Pubdate: Sat, 16 Jun 2012
Source: Vancouver Sun (CN BC)
Copyright: 2012 The Vancouver Sun
Contact: http://www.canada.com/vancouversun/letters.html
Website: http://www.canada.com/vancouversun/
Details: http://www.mapinc.org/media/477
Author: Peter McKnight
Bookmark: http://www.mapinc.org/mdma.htm (Ecstasy)

BEWARE THE DRUG POLICY HERETICS

B. C. Health Officer Perry Kendall Has Learned the Hard Way That 
Long- Held Dogma Must Not Be Challenged

 From our supposedly sophisticated 21st-century perspective, it's 
easy to look condescendingly on our past, when people were persecuted 
for nothing more than denying or doubting the received "truths" of 
their religion.

Yet for all the progress we've made in accepting unorthodox religious 
beliefs, the persecution of heretics remains a live issue.

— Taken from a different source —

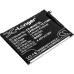 Battery for MeiZu Meilan E3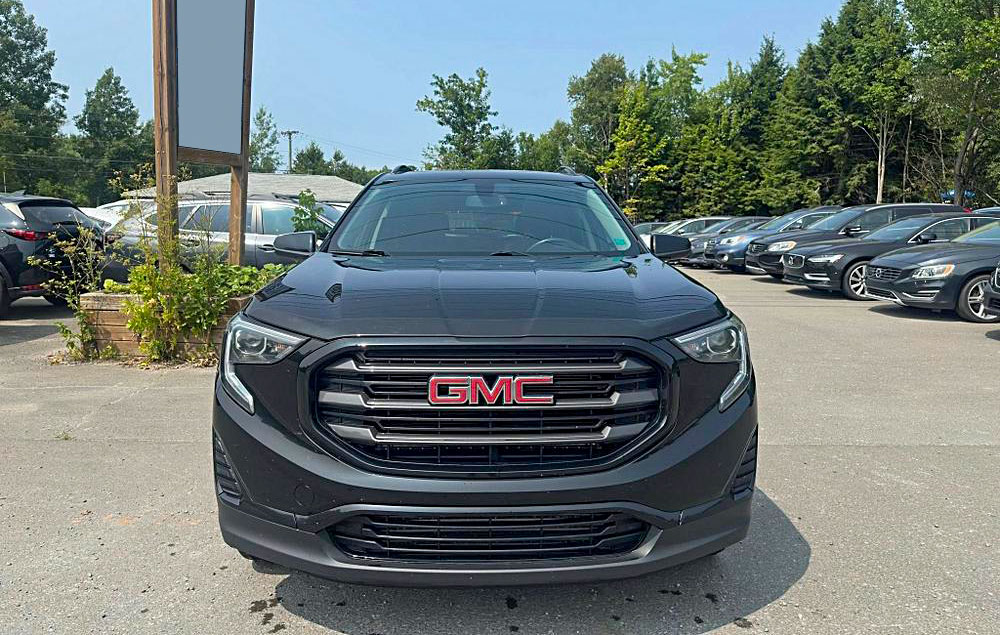 2019 GMC Terrain AWD 4dr SLE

And worse, 
it's now taking place in a field ostensibly governed not by faith but 
by reason.

As evidence of this, look no further than the outrage that greeted 
Provincial Health Officer Perry Kendall's comments this week, when he 
dared to question the received "truths" about the illicit drug ecstasy (MDMA).

Noting that researchers are assessing the drug's efficacy in treating 
post-traumatic stress disorder, Kendall opined that it might be safe 
for adults to use MDMA under certain circumstances. And he also mused 
about what a regime involving regulation rather than criminalization 
of the drug might look like.

He was therefore guilty of two heresies: First, he expressed doubt 
about the received "truth" that ecstasy is necessarily dangerous, and 
second, he expressed doubt about the received "truth" that 
criminalization of such drugs is the only way to diminish their dangers.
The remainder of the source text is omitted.